Manual therapy techniques, including joint mobilizations and soft tissue manipulation, were also integral to the intervention. The combined approach of manual therapy and exercise in our study produced superior outcomes compared to standard care, which is in line with the results of Deyle et al. (2000). This synergy between manual and exercise therapies addresses both the mechanical dysfunctions and muscle weaknesses associated with knee OA, providing a comprehensive treatment strategy. Moreover, our study observed significant gains in knee flexion and extension, which are critical for daily activities, reinforcing the findings of earlier research on the benefits of manual therapy in improving joint function.

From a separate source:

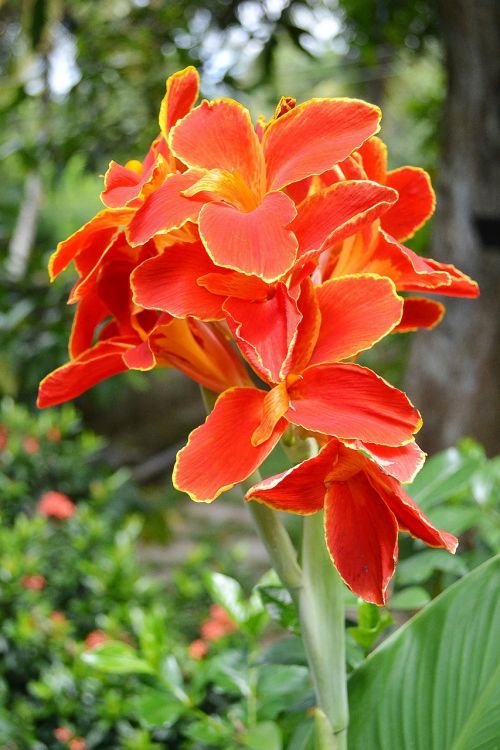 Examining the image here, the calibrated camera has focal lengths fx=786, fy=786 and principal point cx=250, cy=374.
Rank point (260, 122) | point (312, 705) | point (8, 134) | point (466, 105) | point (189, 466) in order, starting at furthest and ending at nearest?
point (8, 134) → point (466, 105) → point (312, 705) → point (260, 122) → point (189, 466)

To guarantee program adherence and provide participants with self-management techniques, patient education was essential. Kroon et al. (2014) observed that self-management education programs dramatically improved pain and physical function in patients with osteoarthritis (OA) in their knees, demonstrating the relevance of education. Better results and maintained involvement were probably a result of our instructional sessions on illness management, exercise adherence, and lifestyle adjustments in the intervention group. The SF-36 quality of life ratings significantly improved, which highlights the comprehensive advantages of integrating education and physical therapies.

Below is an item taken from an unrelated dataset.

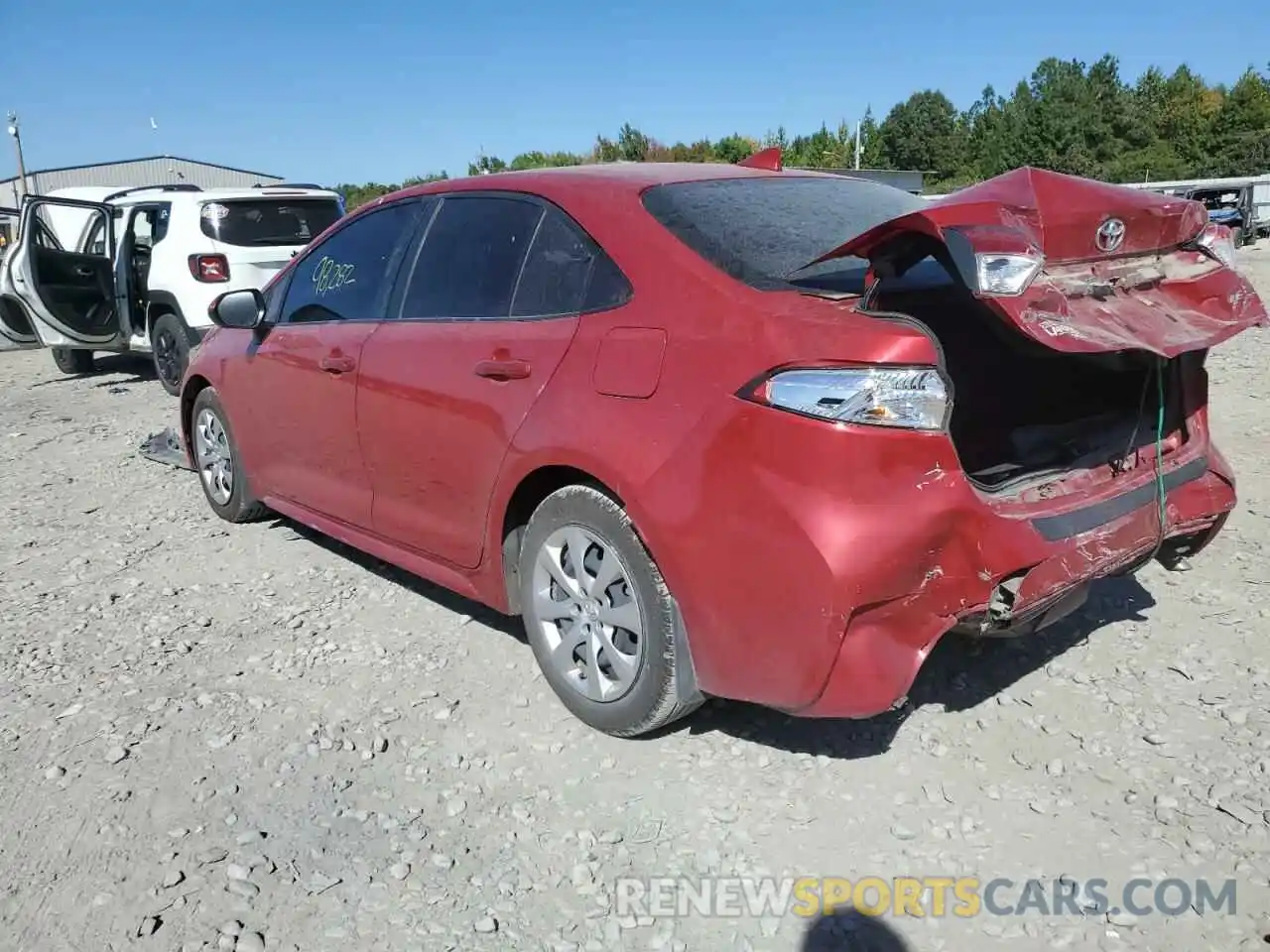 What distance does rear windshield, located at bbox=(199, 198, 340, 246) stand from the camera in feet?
29.0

This study contributes to the increasing amount of research that shows physiotherapy is an effective treatment for osteoarthritis in the knee. The considerable gains in function, discomfort, muscle strength, range of motion, and quality of life that we saw in our study are in line with other studies' findings (Hochberg et al., 2012; Hinman et al., 2007). These findings highlight the necessity of a multimodal strategy in physical therapy, combining manual therapy, exercise, and patient education to get the best results. Future studies should carry out more study and develop these therapies to increase their efficacy and suitability for a wider range of patients as our understanding of knee OA and its therapy advances.
CONCLUSION
In conclusion, the study shows that patients with knee osteoarthritis experience significant improvements in pain alleviation, physical function, knee range of motion, muscular strength, and quality of life when they receive a comprehensive physiotherapy program that includes exercise treatment, manual therapy, and patient education. The significant increases that the intervention group saw in comparison to the control group across these parameters highlight the many advantages of physical therapy. The significance of integrated, patient-centered approaches in the management of knee OA is reinforced by these findings, which are consistent with previous research. Physiotherapy provides a comprehensive approach to treating knee OA patients, addressing the mechanical, muscular, and educational components of the problem. This approach can result in long-lasting improvements and an enhanced quality of life for patients. Subsequent investigations ought to persist in refining these therapies, guaranteeing their effectiveness and wide-ranging suitability in various medical contexts.